Threat against veterans centre 'unsettling'
The Canadian PressWednesday, January 09, 2013
TORONTO - Canada's largest veterans facility felt compelled to beef up security in light of the threatening response to a news article about police escorting the daughter of a vet from the building, a spokesman said Wednesday.
Craig DuHamel said staff at Sunnybrook Veterans Centre were particularly rattled by one online post, which offered $250 for the first person who punched a manager named in the story "square in the face" and broke "at least one bone."
"The staff are actually quite nervous as a result of the comments people have been posting online following much of the media attention," DuHamel said.
"When it crosses the line into threats of violence, it's very unsettling."
The above comment was taken down immediately after it was reported to the media outlet that carried the article.
DuHamel said police were called in.
"They said they were going to look into it and investigate," he said.
Police spokeswoman Const. Wendy Drummond confirmed the investigation but said she was unable to comment further.
Over the holiday season, The Canadian Press reported how Sunnybrook banned Jackie Storrison from the 500-bed facility, and had police escort her from the building.
Storrison, 61, is one of several relatives whose complaints about neglect and other sub-standard care of the most frail residents prompted the federal government to send inspectors to audit the facility.
In calling police, Sunnybrook said Storrison had been hostile and verbally aggressive to staff — something she denies.
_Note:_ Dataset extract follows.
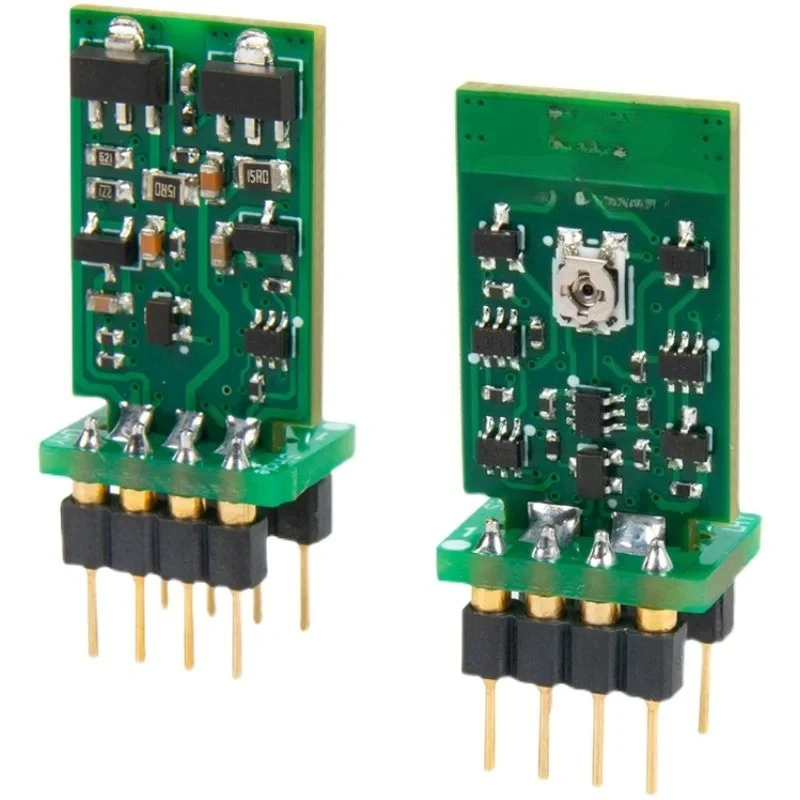 Looook Store Nvarcher HIFI Low Noise Discrete Class A Single Dual Op Amp Compatible NE5534 OPA627 AD797 for DAC Audio Amplifier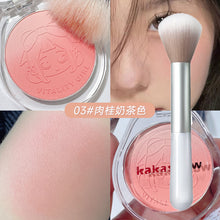 1cb86dd86be4216fc8d49459c7a618cb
The two attending officers made no note of any untoward behaviour in helping two security guards show her out.
The article prompted heated comments on several online news sites, most critical of Sunnybrook's handling of Storrison and its care of veterans.
Storrison said she had not seen the offending post but understood Sunnybrook's concerns.
"I would certainly be worried," she said.
At the same time, Storrison said she was not surprised that passions had become heated because many relatives and caregivers feel Sunnybrook has been deaf to legitimate complaints and quick to retaliate against complainants.
The facility later rescinded its no-trespass order against a distraught Storrison, who said she felt humiliated and intimidated by what had happened, and by the ongoing presence of security when she visits her 91-year-old dad — something she has done almost daily without incident for three years.
Storrison noted no one at the centre asked for her side of the story either before or after she was kicked out. She was waiting to see whether mediation offered by Sunnybrook would go ahead.
Before being ordered to leave, Storrison had notified nursing staff about an elderly vet in danger of falling.
DuHamel said an investigation into another Storrison complaint — that she had spotted bedbugs in a resident's closet — showed the insect in question was a beetle.
Sunnybrook has always maintained its care is exemplary.